Meet Paul Sevigny, the latest to crash the celebrity-family-D.J. ranks. Mark Ronson, watch your back.


A teeming congregation of hipsters crowds the dance floor at Spa's rock-and-roll party, "Big Bad Dodgey Disco." Pulp's "Common People" is throbbing. Strobes are flashing. Suddenly, the speakers begin blasting the Misfits' scratchy 1978 thrasher anthem "Last Caress" -- a far cry from the slick Britpop of a minute ago. The dancers are at a loss. Then they raise their fists in the air and pogo about with new fervor. "I haven't heard this since high school," says one happy headbanger, waving toward the D.J. booth. "Paul is so fucking punk!"

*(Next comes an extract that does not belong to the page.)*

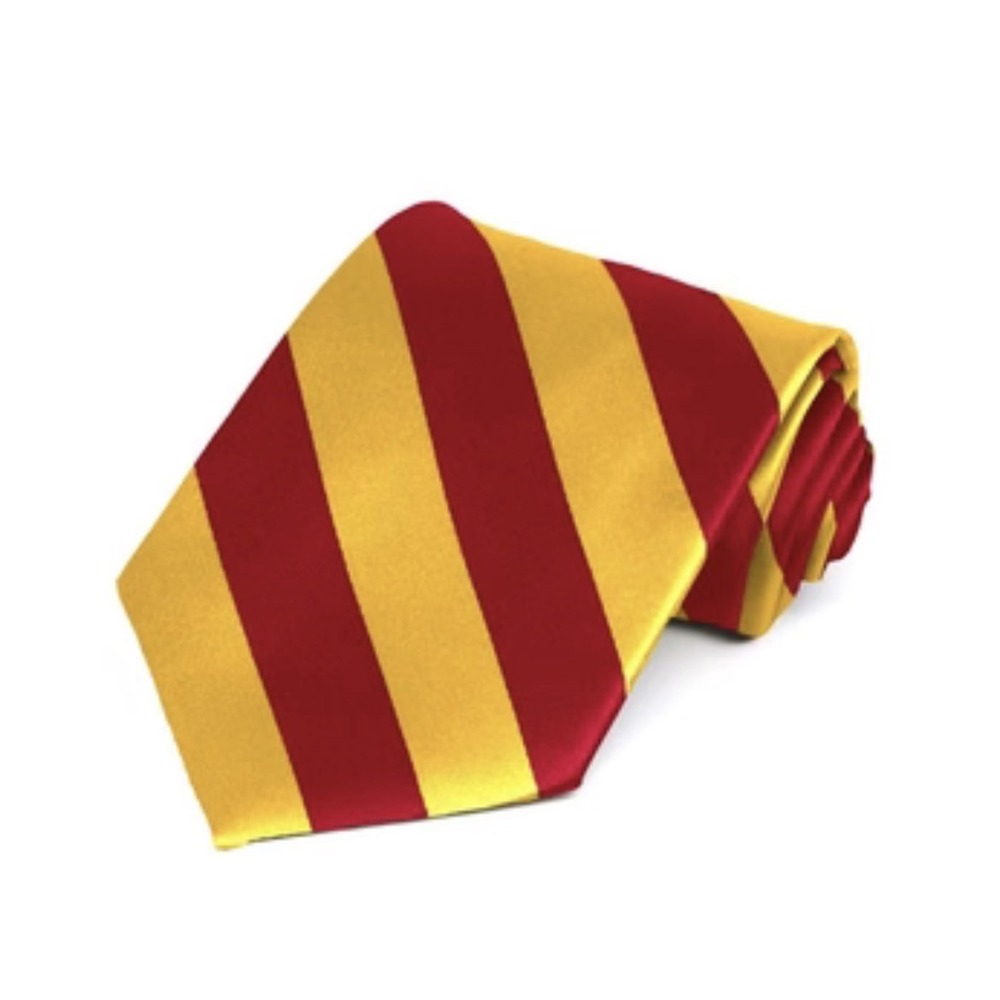 Tie Mart Men's Red/Gold Striped Tie classic diagonal striped pattern 60"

Just when hipsters are tiring of the Jackson Five and Jay-Z, Paul Sevigny, brother of actress Chloë, has arrived with a furious punk-metal soundtrack. Before he took to the turntables, the Waspishly handsome 29-year-old native of Darien, Connecticut, who goes out with Cheap Date editor Bay Garnett (pictured with Sevigny), was the vice-president of Dana Giacchetto's Cassandra Group. "It's not that everybody wants to be a D.J.," says Sevigny. "It's that everybody has figured out that they can be a D.J." His own epiphany took place last March at Serena, after his friend Audrey Bernstein, who runs the party "Velveteen," asked him to fill a guest-D.J. spot. When the crowd went berserk over his Sex Pistols set, his P.R. pals began brainstorming. Within three months, Sevigny had D.J.'d at a Surface magazine party, the Ghost store opening, and Jade Jagger and Dan Macmillan's party for the Phillips auction house; he was even competing with Mark Ronson for a $5,000 Gucci gig.

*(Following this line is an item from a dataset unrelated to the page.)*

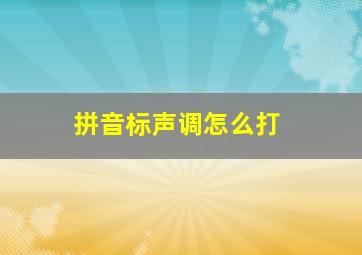 拼音标声调怎么打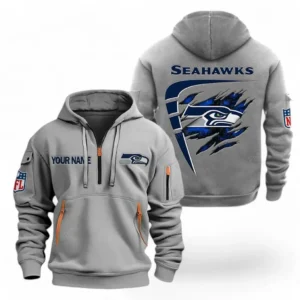 Athletic Half-Zip Hoodie, Team-Style Logo Print Hoodie Gift For Football Fans NFL061 - Gray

If Ronson has introduced hip-hop to Park Avenue, then Sevigny will take Park Avenue to CBGB. "I prefer listening to hip-hop when I'm out partying," Sevigny admits. "But that's all we need -- another skinny white boy spinning Big Pun." (Ronson could not be reached for comment.)

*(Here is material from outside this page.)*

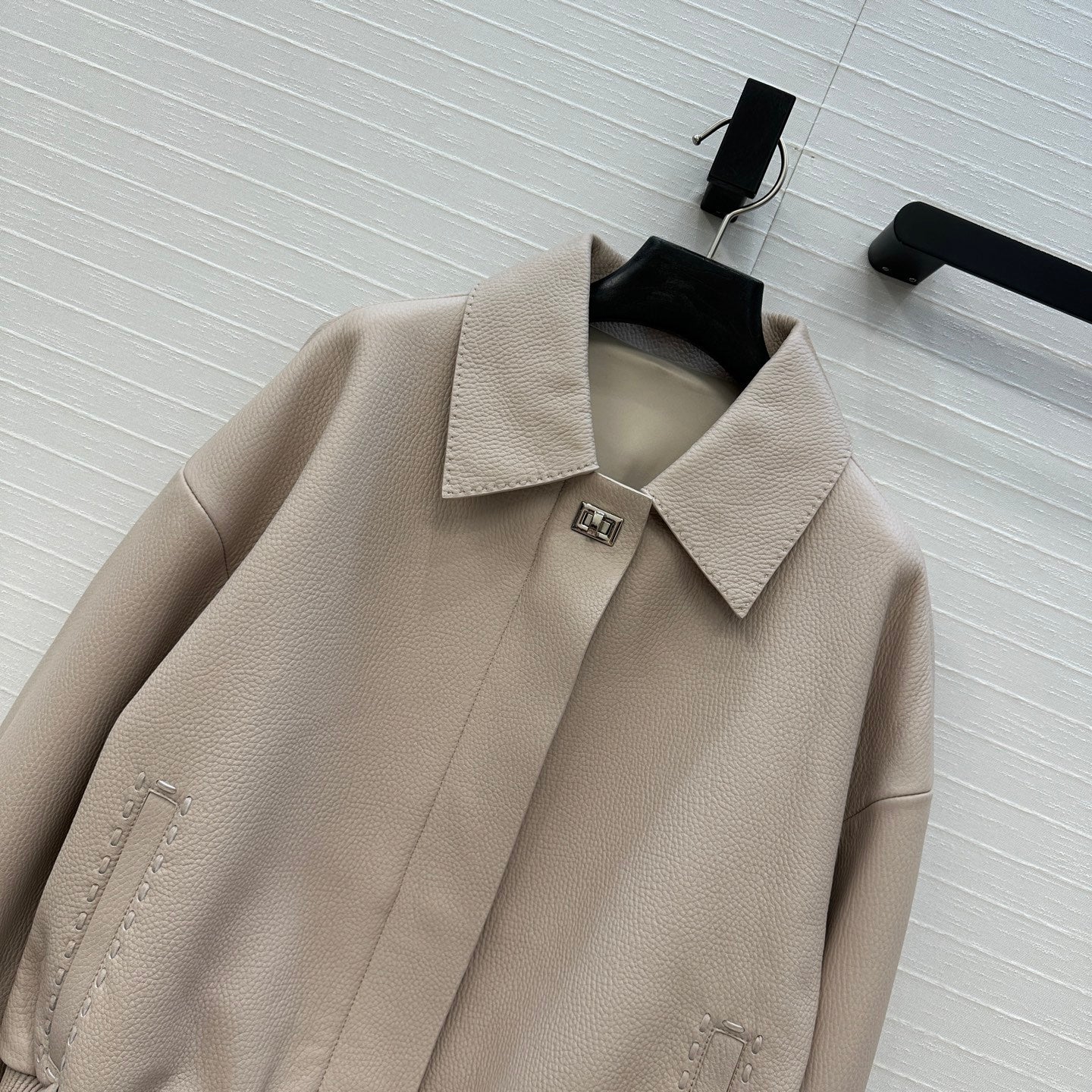 Fendi 25 Leather Jacket Light Camel 0022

While Sam Shaffer, an owner of Serena's, has been known to complain about his ear-shattering decibels, Sevigny's toughest critics cite his firm grasp on his sister's coattails. "Sure, he's a good D.J.," says a fashion editor who was at the Ghost party. "But he's also Chloë's brother." "He's just another celebrity-family D.J.," grumbles a disgruntled Britpopper at the Spa party. "Big deal." "Well, we share a very similar taste in music," Sevigny says pragmatically of his beneficial bond. "Which would lend itself to making me one of her favorite D.J.'s. It's obvious," he admits, "that it's not working against me."